▶ **Supplied records**
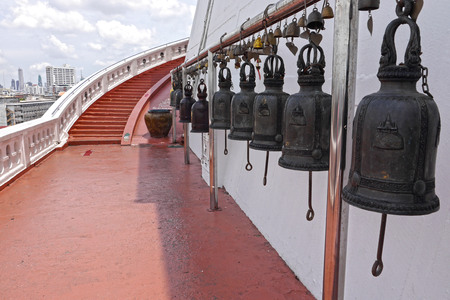 Bells in Wat Saket, Bangkok. THAILAND.の写真素材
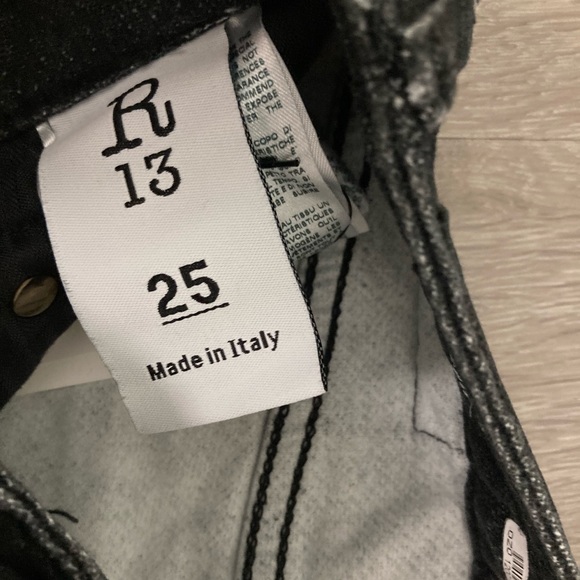 R13 Boy skinny leopard jeans. SIZE 25 - Picture 10 of 13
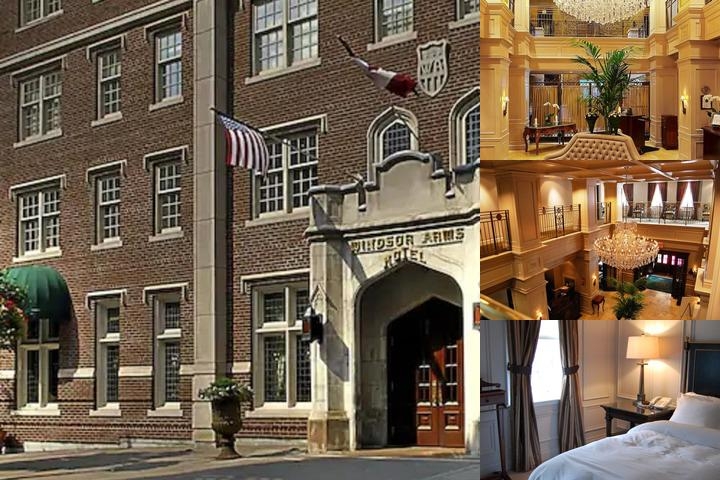Windsor Arms Hotel photo collage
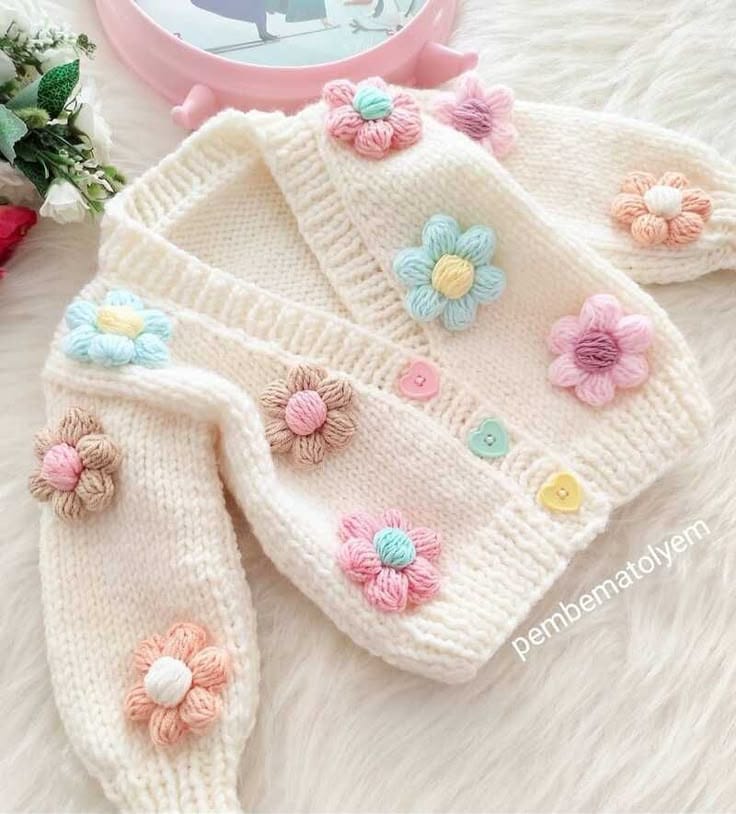 Pastel Bloom Crochet Cardigan ๐ผ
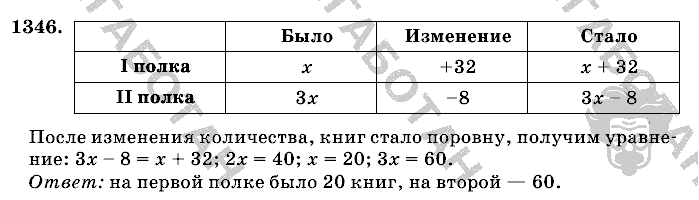 Математика, 6 класс, Виленкин, Жохов, 2004 - 2010, задание: 1346
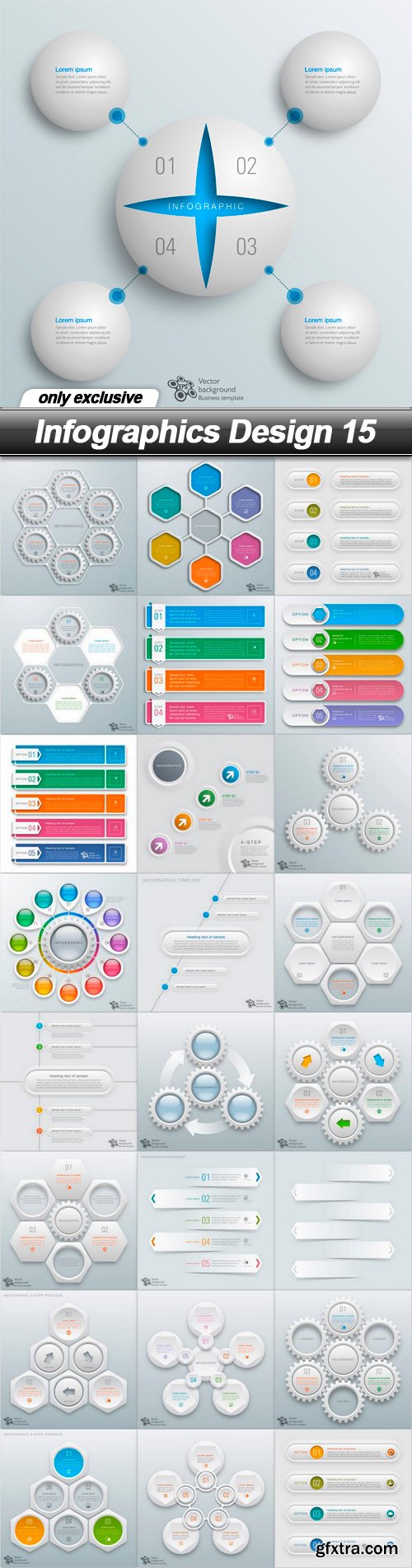 Infographics Design 15, 25xEPS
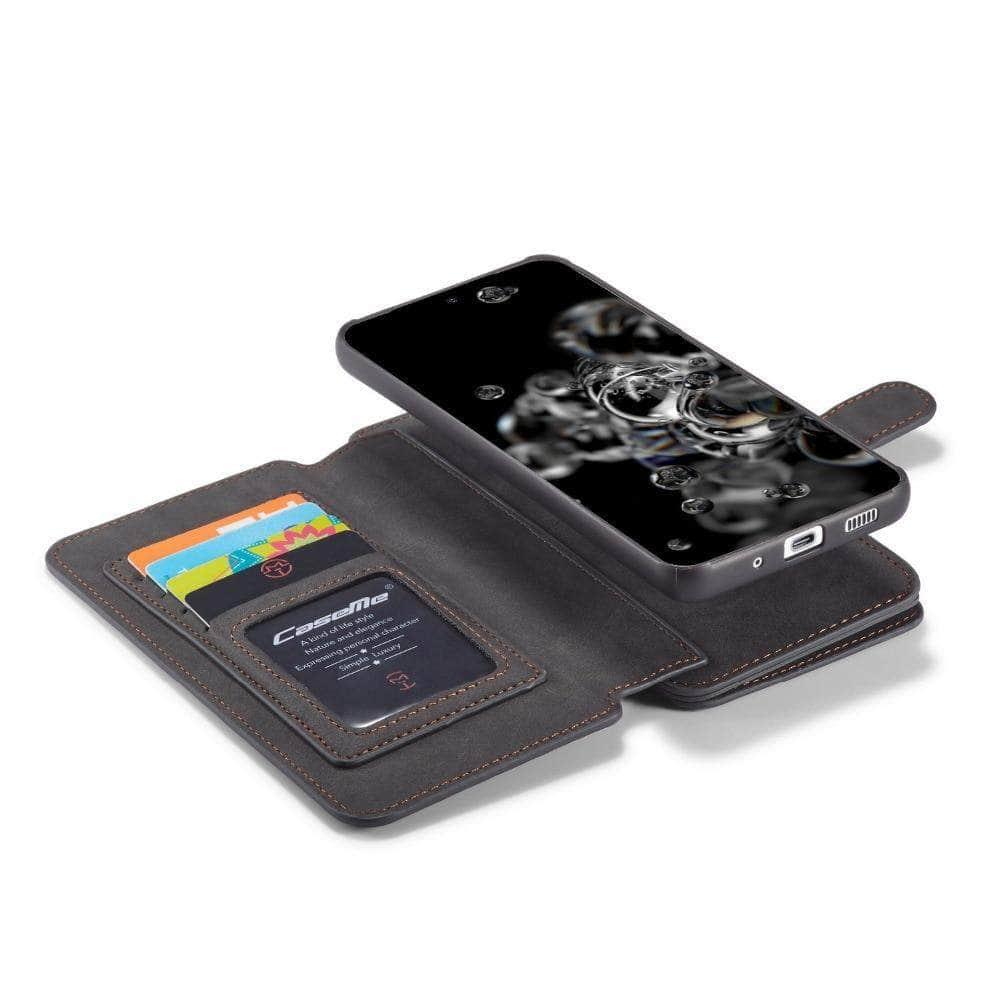 Magnetic Detachable PU Leather Galaxy S21 Case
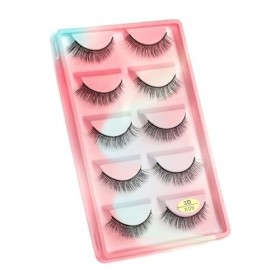 UAMOU Faux-Cils en vison 3D pelucheux, 10/50/100 boîtes, maquillage naturel, Long Volume, en vrac, personnalisés Cheerfully 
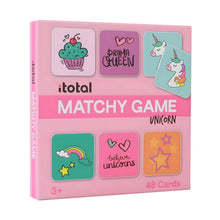 Jogo de memória Unicórnio com ilustrações coloridas para crianças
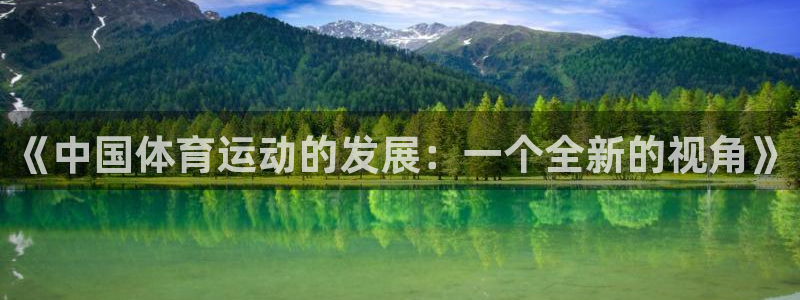火爆体育app官方下载安装最新版本：《中国体育运动的发展：一个全新的视角》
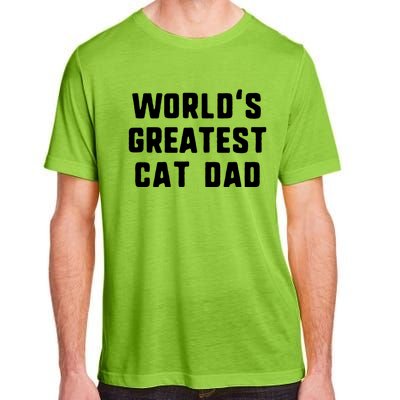 Worlds Greatest Cat Dad Funny Gift Christmas Gift Adult ChromaSoft Performance T-Shirt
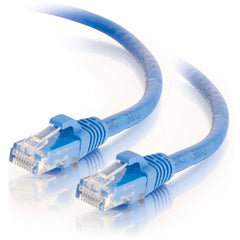 C2G 27144 สายเคเบิลเครือข่าย Ethernet Patch Cat6 แบบไม่เสียบติด 14 ฟุต - สีน้ำเงิน รับประกันตลอดอายุการใช้งาน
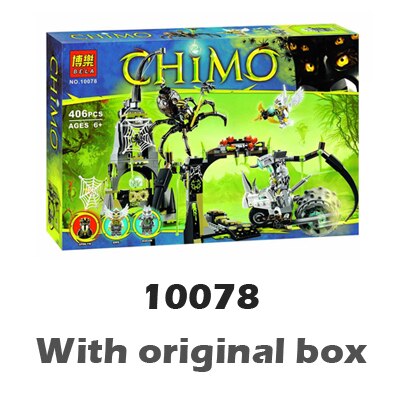 406pcs Spinlyn's Cavern Spider Queen Rhino Bike 10078 Figure Building Blocks Boys Assemble Toys Hobby Compatible With LegoING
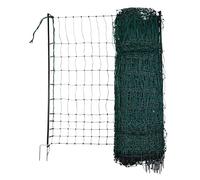 Kerbl Hobbyfarming PoultryNet, 106cm, 15m, Red para Aves de Corral, Cerca eléctrica, electrificable, Doble púa, Verde, 6 Postes, para Pollos, Gansos y Pavos, garantía de 3 años de Estabilidad UV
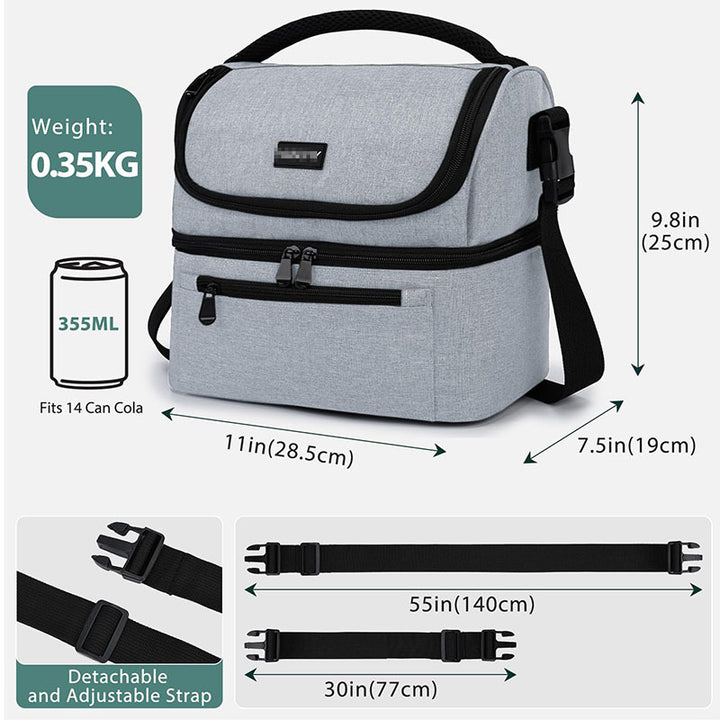 Ladies Insulated Picnic Bag with Multiple Compartments Bowlift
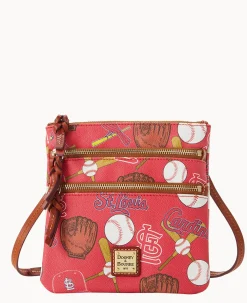 MLB Cardinals N S Triple Zip Crossbody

▶ **Task prompt**
Your answer must be the exact lines from the one containing "Worlds Greatest Cat" through the last line of the records above, with both included and no pictures.

▶ **Solution for this task**
 Worlds Greatest Cat Dad Funny Gift Christmas Gift Adult ChromaSoft Performance T-Shirt
 C2G 27144 สายเคเบิลเครือข่าย Ethernet Patch Cat6 แบบไม่เสียบติด 14 ฟุต - สีน้ำเงิน รับประกันตลอดอายุการใช้งาน
 406pcs Spinlyn's Cavern Spider Queen Rhino Bike 10078 Figure Building Blocks Boys Assemble Toys Hobby Compatible With LegoING
 Kerbl Hobbyfarming PoultryNet, 106cm, 15m, Red para Aves de Corral, Cerca eléctrica, electrificable, Doble púa, Verde, 6 Postes, para Pollos, Gansos y Pavos, garantía de 3 años de Estabilidad UV
 Ladies Insulated Picnic Bag with Multiple Compartments Bowlift
 MLB Cardinals N S Triple Zip Crossbody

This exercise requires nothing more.